SOME of the ‘big guns’ of education were guests at Hillsborough castle recently as Northern Ireland officially marked the birthday of the Prince of Wales with a celebratory 21 Gun Royal Salute.
As guests of Northern Ireland’s Reserve Forces and Cadets Association, the educationalists were invited not only to enjoy the traditional ceremony, but also to hear more about the Cadet movement and its contribution to the personal and educational development of some 4,000 members across the Province.
Welcoming representatives from the education sector, Colonel Johnny Rollins MBE, Chief Executive of the Reserve Forces & Cadets Association Northern Ireland, paid tribute to the support given to Cadets by schools and colleges around Northern Ireland.
He said: “Generations of young people have benefited from membership of the Cadet movement and its blend of adventurous fun, camaraderie and self-discipline is well known and, indeed, highly respected.

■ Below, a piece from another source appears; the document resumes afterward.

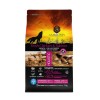 AMBROSIA Grain Free Puppy Large Chicken & Salmon 2Kg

“Those key elements remain as relevant and popular as ever, but the Cadet movement also keeps pace with changing priorities and, in partnership with educationalists, we have developed a range of important opportunities for our Cadets to earn internationally recognised qualifications and, more broadly, to enhance their CVs as we help prepare them for adult life.
“We believe that every young person has the capacity to achieve and we have enjoyed huge support from schools and colleges who share that faith in young people, but we are eager to do still more and a key message today is that the Cadet movement is ready to welcome new recruits.”